Teaching Statement

Teaching Statement


My professional focus is in creating highly compelling user experiences across devices, the desktop environment, and content for all environments and service structures. As a designer with over 24 years experience, I have developed an eye for detail and keeping projects on schedule. I have worked with teams; led some as a supervisor and given presentations on various projects.

 As an instructor I have experience in designing Mobile Apps, Web Communication, Way-finding and Signage, along with Design Research, and Usability Analysis — these are just but a few examples of some of the things I have been able to teach my students’. By enabling an open and collaborative environment, I guide my students on how to explore topics or problems that they encounter every day. I have empowered them with tools to evolve in order to address current situations in a relevant way. Along the way I also help them understand that it is okay to question everything. Many discoveries and creative solutions come through exercising the right to question rigorously. I also want my students to understand how to organize information, to recognize the distinctions and cultural nuances of certain typefaces or shapes and how to appropriately apply them. My belief is that thinking-by-doing encourages students to look at their environment differently. It shifts their focus to look at challenges from multiple perspectives and realize how their perception influences their understanding of any given opportunity. My goal is to help guide students through this learning journey as a full-time professor.

 The classroom experience I foster is one of exploration and reflection, which in turn births creativity. To do this I often share stories from my experiences, highlight stories of other industry leaders and encourage students to share theirs also. As we get to know each other more, I find that the class shares ideas more freely. I find that using humor and getting to know the students’ names and their interests also makes the students know that I am genuinely interested in their progress and ideas. I create a friendly atmosphere, but with a very professional undertone.

 Alongside fostering a space for creativity, I also help the student develop design fundamentals like layout, typography, color, affordances and attention to detail. This helps shape the ideas into a visible form and communicate solutions. There are many ways to produce and learn these skills and I try to expose my class to as many as possible. Avenues like YouTube® or Vimeo® videos, product or service websites, books and other Internet resources. Basically, I want them to learn how to research their own solutions and find those that suit them best. This is one of the skills they will need in an actual job environment and my goal to help them learn it, understand its limitations and deploy it as needed.
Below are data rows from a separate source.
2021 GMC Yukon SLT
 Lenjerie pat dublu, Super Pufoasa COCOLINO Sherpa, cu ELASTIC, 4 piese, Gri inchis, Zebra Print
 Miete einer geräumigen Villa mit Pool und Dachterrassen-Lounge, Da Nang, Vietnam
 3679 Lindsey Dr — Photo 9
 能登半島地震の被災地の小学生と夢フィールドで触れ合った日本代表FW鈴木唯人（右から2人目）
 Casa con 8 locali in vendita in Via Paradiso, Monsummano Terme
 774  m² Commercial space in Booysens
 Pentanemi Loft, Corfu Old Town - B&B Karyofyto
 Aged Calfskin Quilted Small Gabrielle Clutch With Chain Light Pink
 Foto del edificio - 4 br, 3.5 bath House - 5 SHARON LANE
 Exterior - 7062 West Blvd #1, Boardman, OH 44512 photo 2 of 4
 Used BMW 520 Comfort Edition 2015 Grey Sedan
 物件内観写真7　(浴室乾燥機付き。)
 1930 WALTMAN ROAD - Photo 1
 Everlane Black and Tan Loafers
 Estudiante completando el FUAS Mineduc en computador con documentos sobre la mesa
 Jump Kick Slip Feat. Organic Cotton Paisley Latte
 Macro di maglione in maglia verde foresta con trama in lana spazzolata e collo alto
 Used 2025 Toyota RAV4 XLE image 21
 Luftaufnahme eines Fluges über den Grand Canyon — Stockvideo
 A specific example of my teaching philosophy is in the area of mobile, tablet, desktop and web design. Students need to understand the foundation of user experience. After they have done their research and iterated their solution; they then need to communicate their ideas. To do this, the students need to learn how to present and critique work. One of the ways I guide this activity is by asking my students to reflect on their ideas and processes and talk about that. As they get used to talking about their ideas, they develop a vocabulary of their own. Developing one’s own vocabulary takes time and that is why I incorporate critiquing at every stage of the iterative process in a project.

 To design for the multiple platforms of mobile, tablet, desktop and web, students will have to understand the foundation of user experience. They will have to understand how to work in collaborative environments, conduct usability analysis, and perform design research. They will then use that information to conduct user interviews and demonstrations. And finally, they will synthesis all the data collected and present it to clients and stakeholders.

 Another way to prepare students for what to expect in the work environment is to facilitate dialogue and interactions with practitioners of their specific discipline in the classroom, and set up visits to their various offices. This experiences are beneficial to the students because they can make connections and gathered insights on what to expect from that industry.

 I would like my students to start changing the world right in the classroom and not waiting to get out of college in order to do this. The skills of critical thinking or problem-solving strategies in this digital age are not just classroom skills, they are world survival skills and should be employed every day.

 My experiences specializing in print, digital, interactive and user-centered design, working with various software including Adobe Creative Cloud, Multi-Ad Creator, Microsoft and various Apples products; are incorporated into the learning environment. Drawing on these experiences I encourage innovation and process development while teaching practical concepts of the design industry.